We need a deeply experienced Data Architect to take full ownership of our data practice. This is a crucial technical leadership position focused on architecture, strategy, and getting things done. You should be an expert with serious, hands-on data engineering chops, capable of defining the long-term architectural vision while still diving into the code. Success in this role requires a complete understanding of the data lifecycle: from partnering with Operations to source data, designing robust data recipes and ensuring the resulting data assets are optimized for our world models.
Define and implement the long-term technical architecture for our data platform, ensuring scalability, reliability, and support for high-volume, multimodal datasets.
Take ownership of the end-to-end data lifecycle, from sourcing and acquisition to delivery for machine learning model training.
Design and build robust data processing pipelines, including data recipes for cleaning, feature engineering, and normalization, specifically addressing the complexity of inputs required for world models.

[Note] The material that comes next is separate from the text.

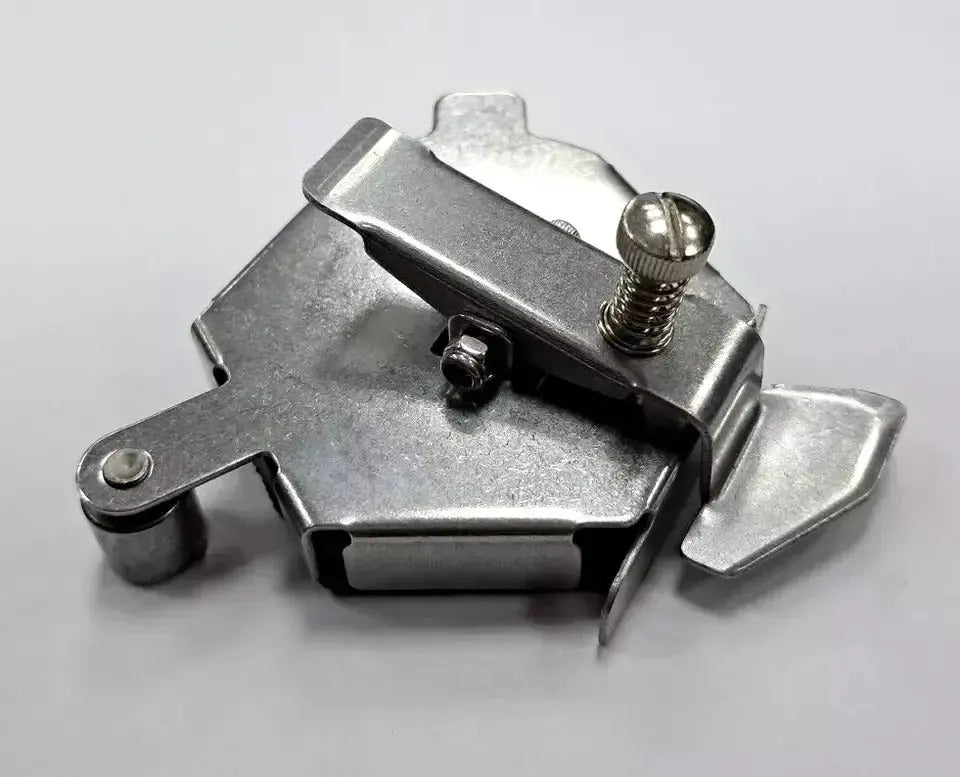 Rynx | Magnetic multifunction guide for sewing machines – Polygonal design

Develop and manage the data curation system, including flexible metadata schemas, evolving labels, and modular tagging pipelines, to allow researchers to dynamically categorize, resample, and select high-quality training data.
Work closely with ML Research and Engineering teams to understand immediate and future data requirements, translating research needs into actionable data infrastructure and acquisition strategies.
Lead the integration of sophisticated signals and quality filtering into the data flow, such as VLM analysis, pose estimation, and aesthetic scoring, to ensure training datasets meet high quality standards.
Drive the strategy for data acquisition, evaluating the trade-offs between various methods, aligning with budget constraints and quality requirements.
You live and breathe data, with a strong belief in data quality and diversity as a primary lever for optimizing model performance.
8+ years building data platforms, focused on data architecture and engineering.
Experience supporting ML teams, specifically preparing and optimizing data for model training.
Great at designing and building reliable, high-volume data pipelines (ETL/ELT).
Expert in cloud data technologies like data warehousing and lakehouse architectures (e.g., Snowflake, Databricks, BigQuery, and AWS S3/Redshift).
Proficient with modern data processing frameworks (e.g., Spark, Flink, Kafka) and various databases (NoSQL, graph, relational).
Knows how to set up practical data governance, quality checks, and metadata management.
A strong technical leader who can set a clear technical direction and mentor other engineers.
Experienced with complex data types (images, video, text) and signal processing.
Degree in Computer Science, Engineering, or a related field.